ASSIGNMENT: Write out the entries below exactly, but only from the line containing "Thumbnail PHX Minerals" through the line containing "畜産農家応援! 宮崎牛ロースステーキ4枚 計1000g_29-N201_(都城市)", and without the pictures.

DATA RECORDS:
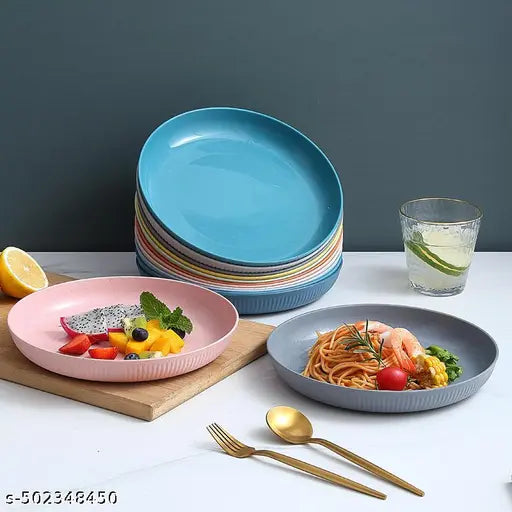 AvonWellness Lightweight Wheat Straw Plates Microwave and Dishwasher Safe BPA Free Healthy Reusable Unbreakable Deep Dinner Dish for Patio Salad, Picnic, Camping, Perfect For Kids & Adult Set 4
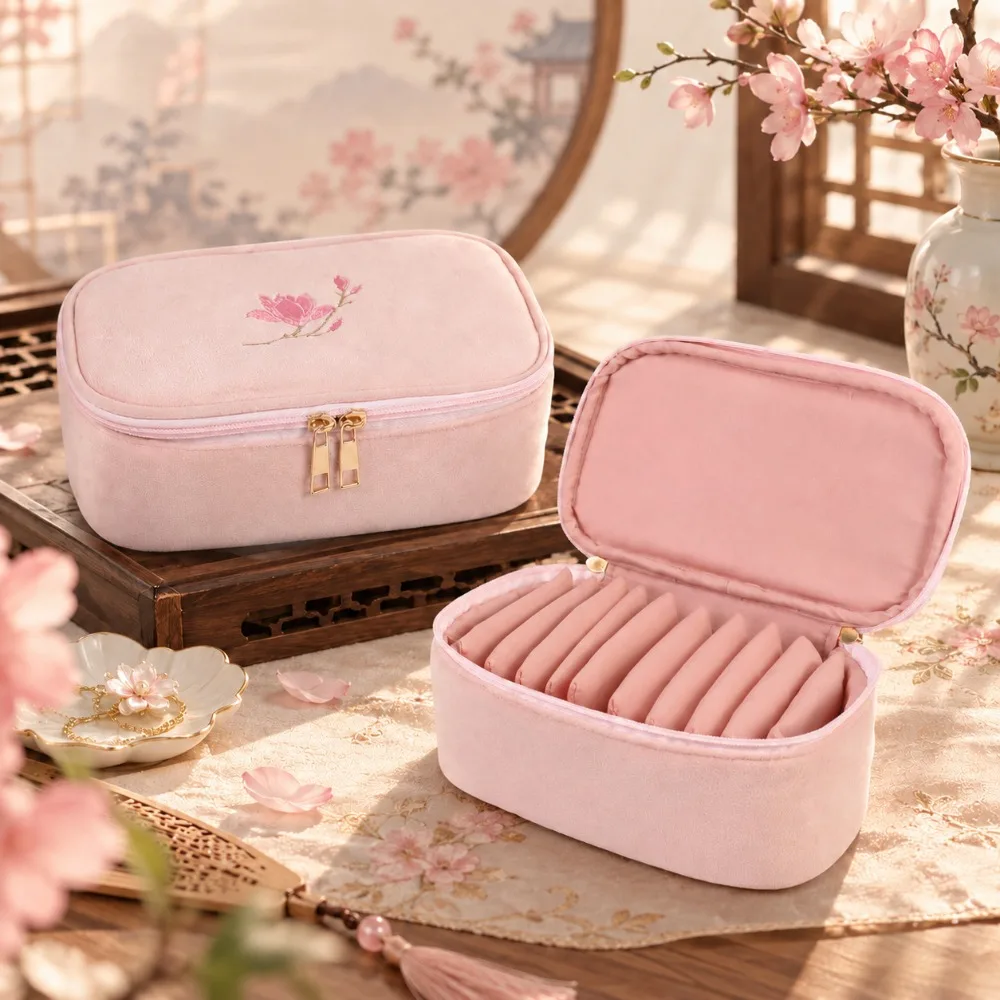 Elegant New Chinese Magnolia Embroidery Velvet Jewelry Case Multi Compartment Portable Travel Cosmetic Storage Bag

==

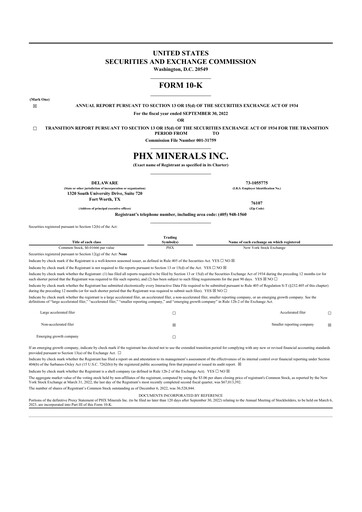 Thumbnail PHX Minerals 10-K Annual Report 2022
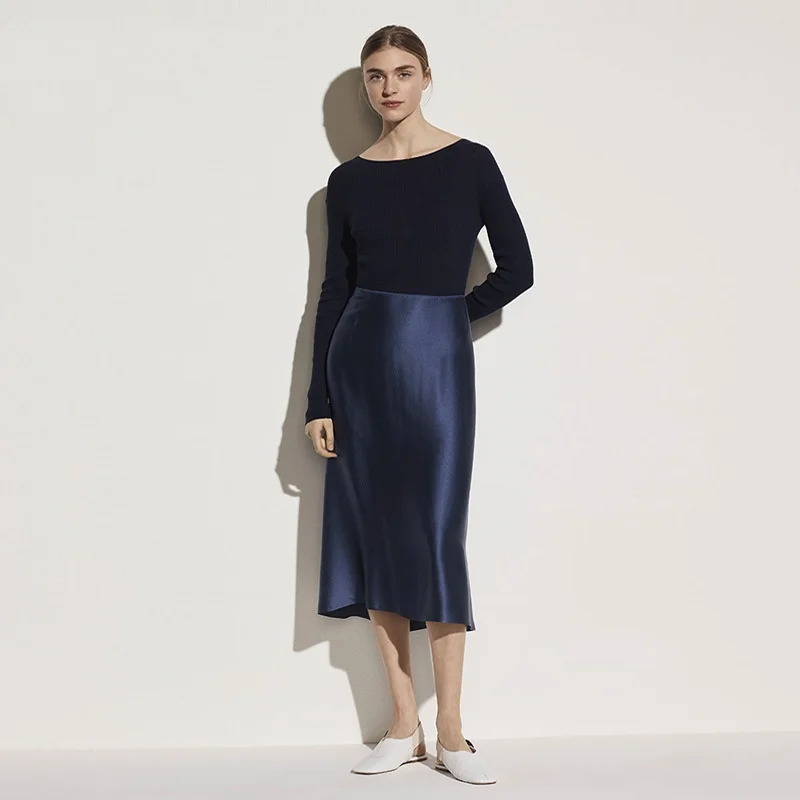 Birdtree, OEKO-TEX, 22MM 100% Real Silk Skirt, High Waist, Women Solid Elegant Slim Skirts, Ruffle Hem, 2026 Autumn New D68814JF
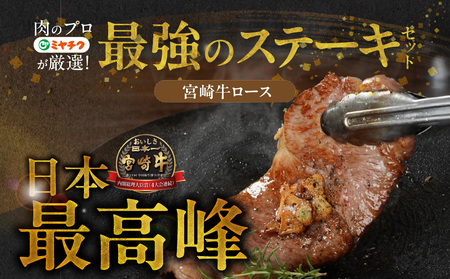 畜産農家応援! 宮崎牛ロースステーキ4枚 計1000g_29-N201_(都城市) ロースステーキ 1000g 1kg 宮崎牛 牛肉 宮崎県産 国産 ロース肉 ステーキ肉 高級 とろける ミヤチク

EXERCISE ANSWER:
 Thumbnail PHX Minerals 10-K Annual Report 2022
 Birdtree, OEKO-TEX, 22MM 100% Real Silk Skirt, High Waist, Women Solid Elegant Slim Skirts, Ruffle Hem, 2026 Autumn New D68814JF
 畜産農家応援! 宮崎牛ロースステーキ4枚 計1000g_29-N201_(都城市) ロースステーキ 1000g 1kg 宮崎牛 牛肉 宮崎県産 国産 ロース肉 ステーキ肉 高級 とろける ミヤチク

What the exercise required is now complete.